### Entries supplied
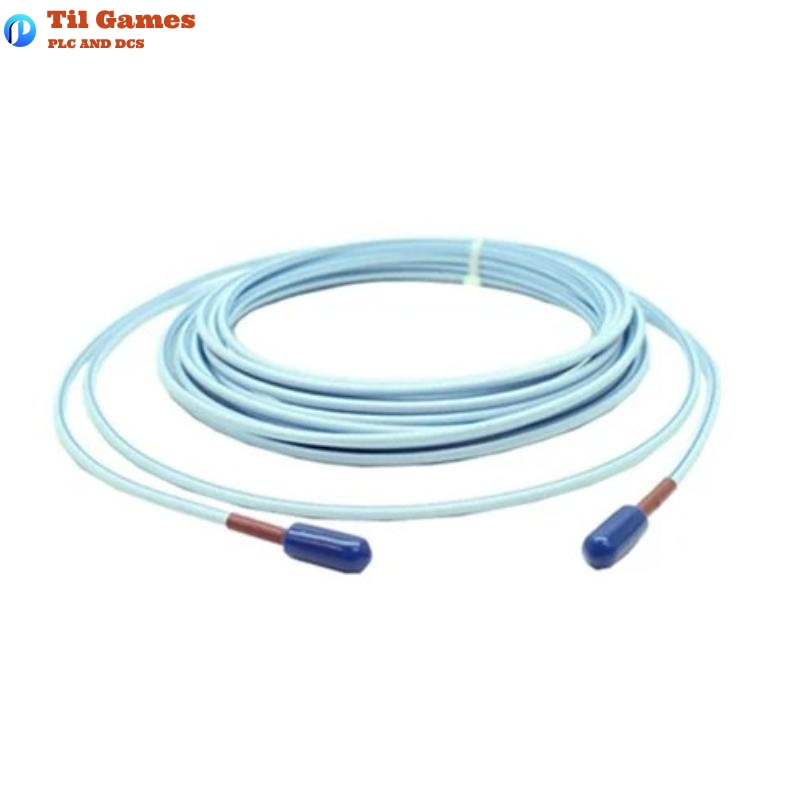 Bently Nevada 330930-065-00-00 3300 NSv Extension Cable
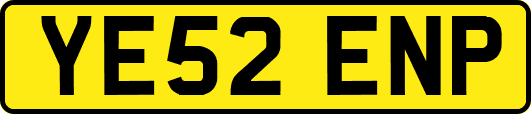 YE52ENP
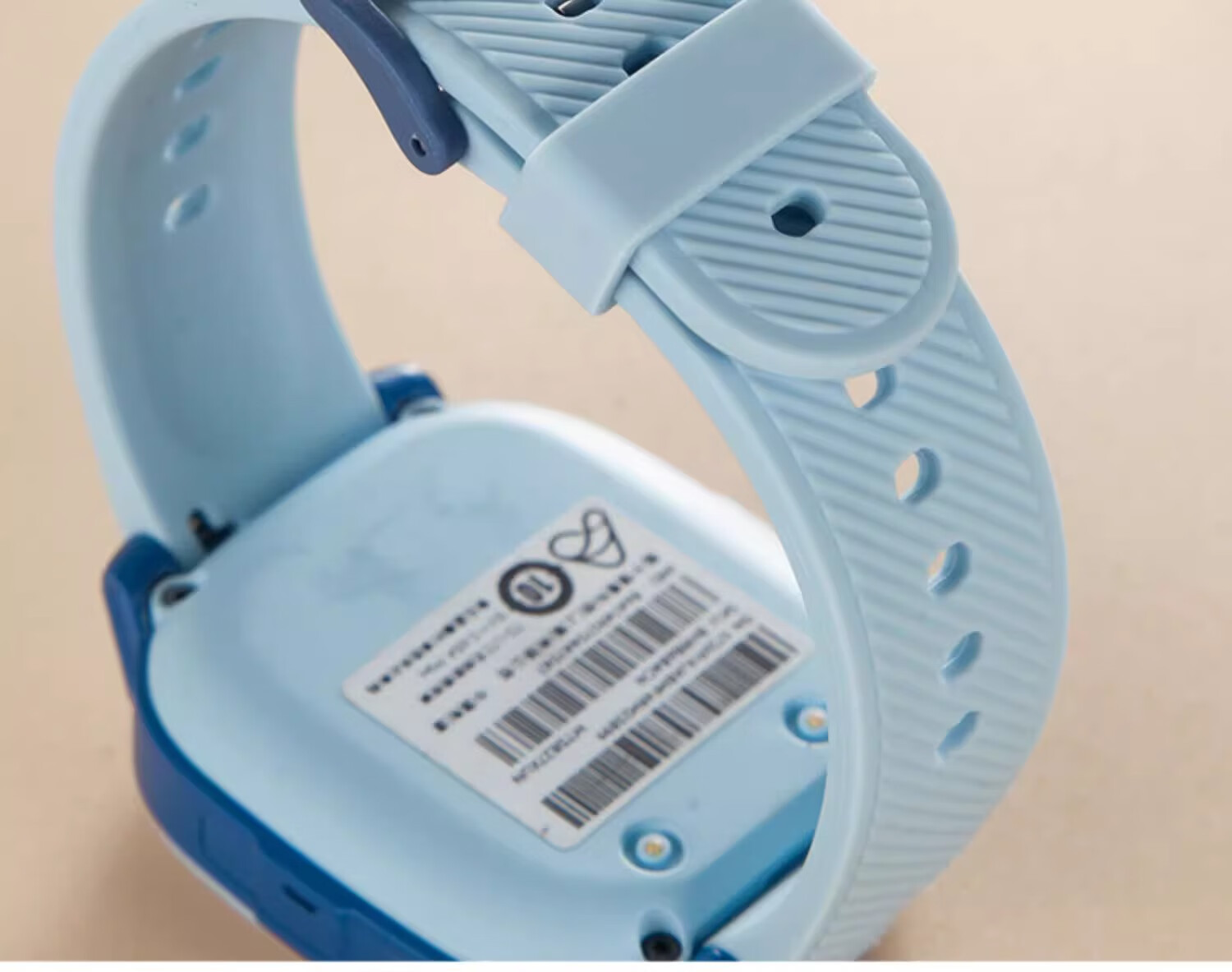 Ремешок для Xiaomi Mi Band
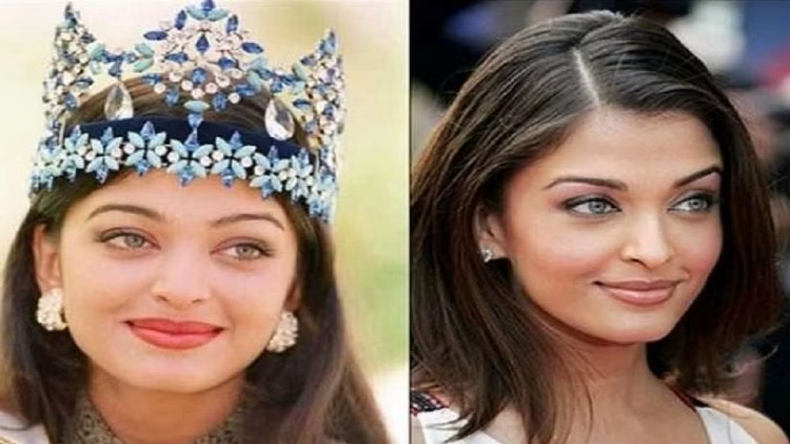 Aishwarya Rai Birthday: एक बेहतरीन अभिनेत्री के साथ बिजनेस वुमन भी हैं ऐश्वर्या, मना रहीं 50वां जन्मदिन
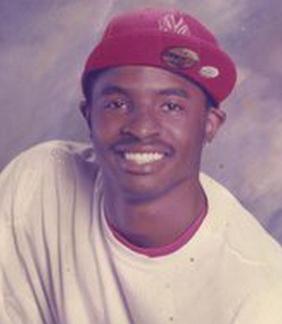 Freddie Hinton Jr. death by force case profile photo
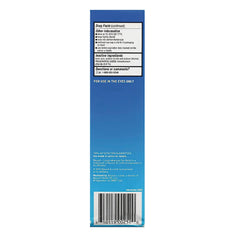 Advanced Eye Relief - Eye Wash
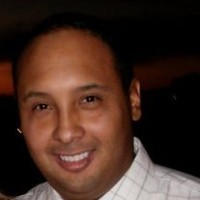 Inspire Data Solutions LLC Employee Santos Garcia's profile photo
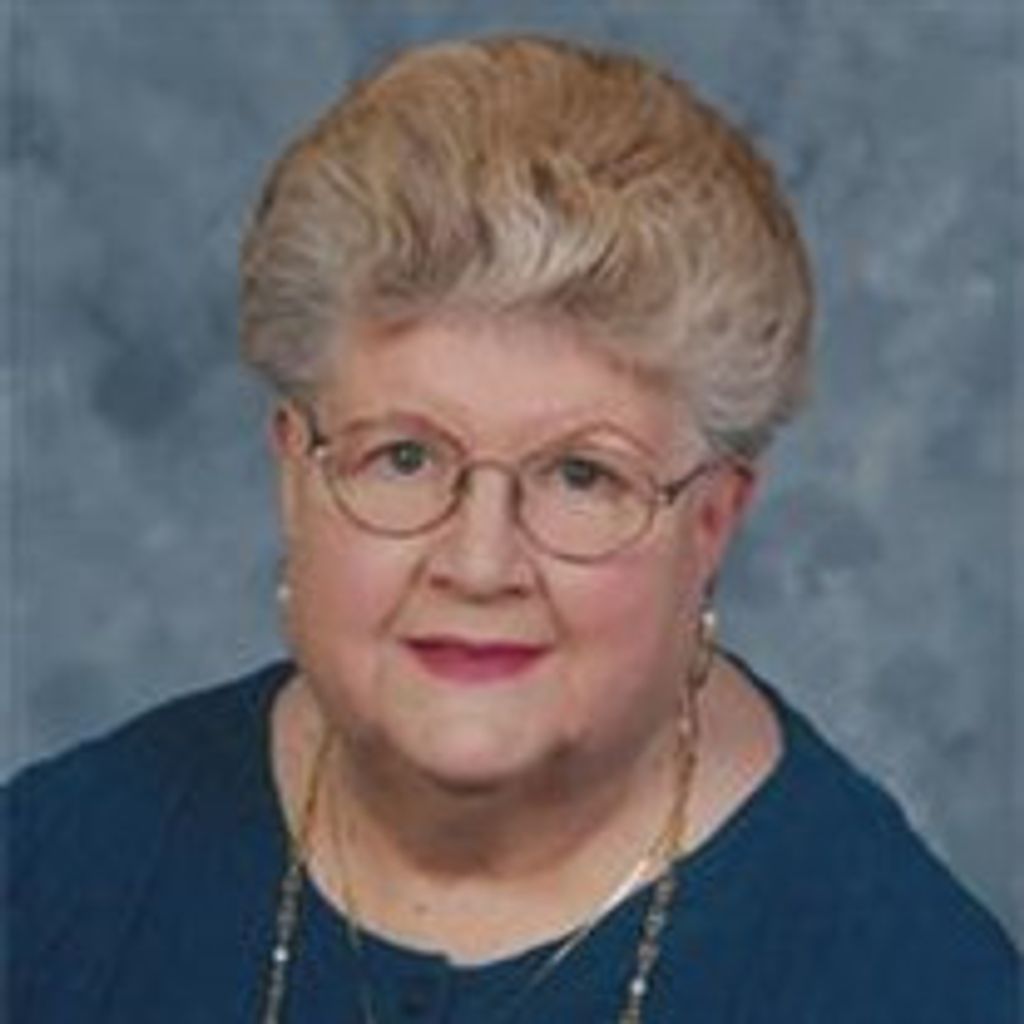 Eleanor Lynch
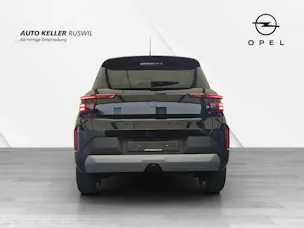 OPEL Frontera 1.2 T HEV 145 GS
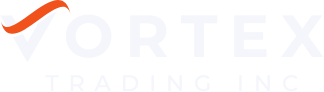 Vortex Trading Inc
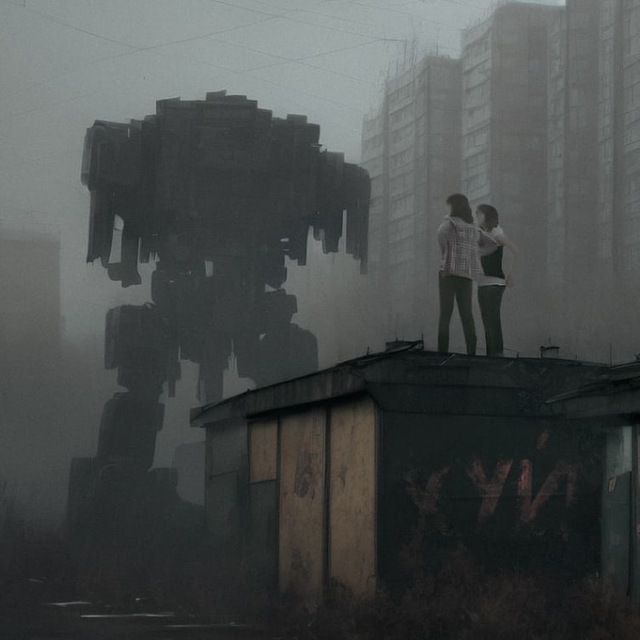 Жилзона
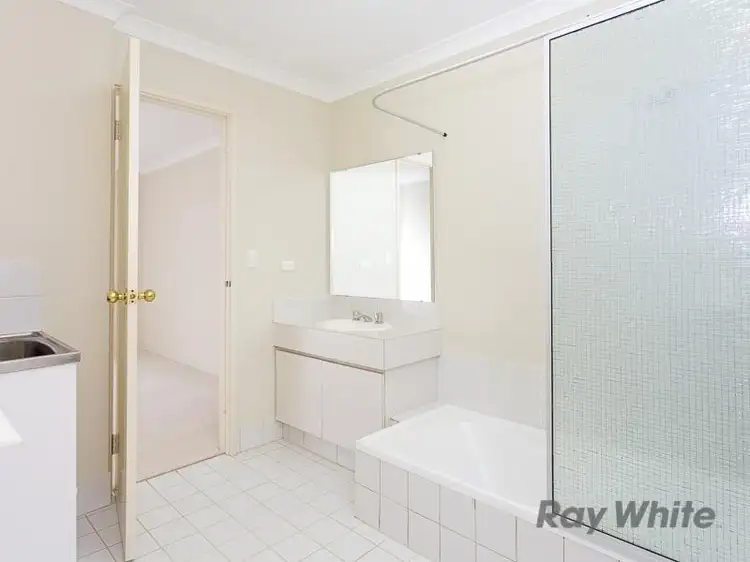 Fifth view of Homely unit listing, 20/2 Pinewood Avenue, Kardinya WA 6163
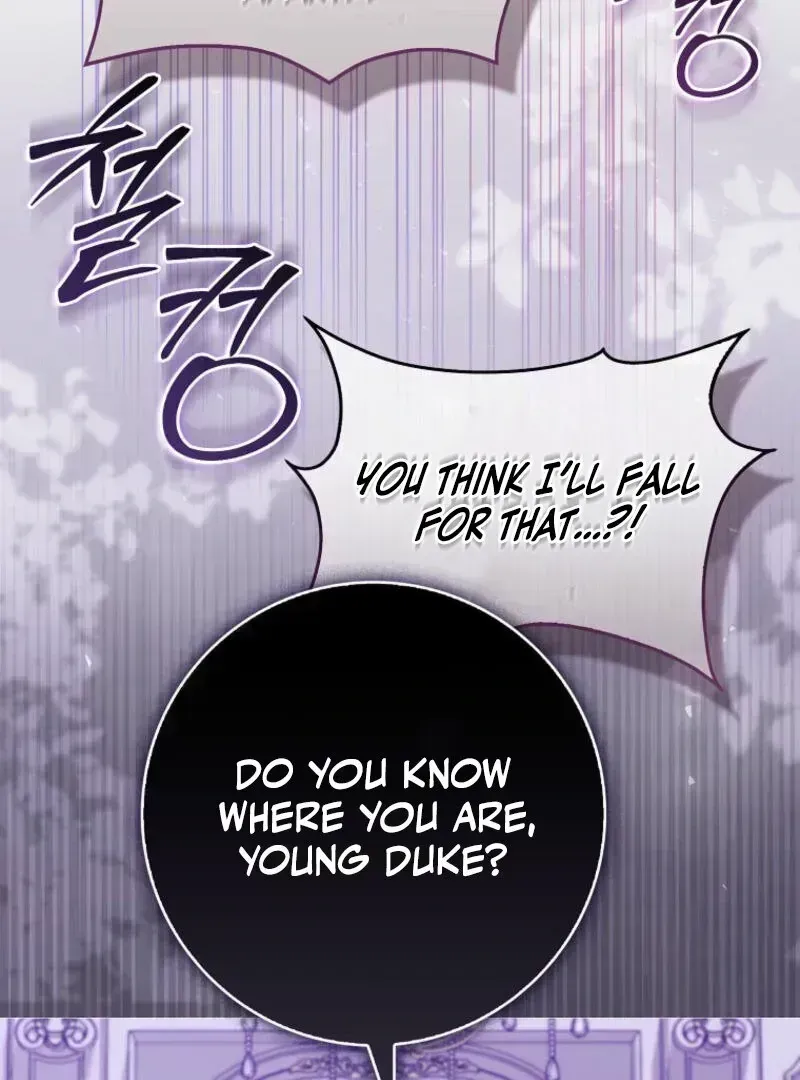 I Became The Male Leads’ Target Chapter 1.4 page 86 - 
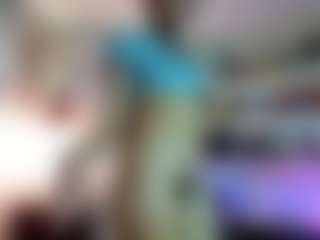Key-miles's Live Sex Cam Show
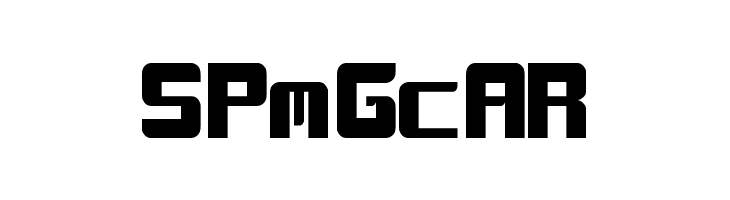Cinta Adalah Perhatian  Free Fonts Download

### Task requirements
Repeat exactly the lines above, from the line containing "Key-miles's Live Sex Cam Show" through the last line of the records, inclusive; omit any pictures.

### Reply to the exercise
Key-miles's Live Sex Cam Show
Cinta Adalah Perhatian  Free Fonts Download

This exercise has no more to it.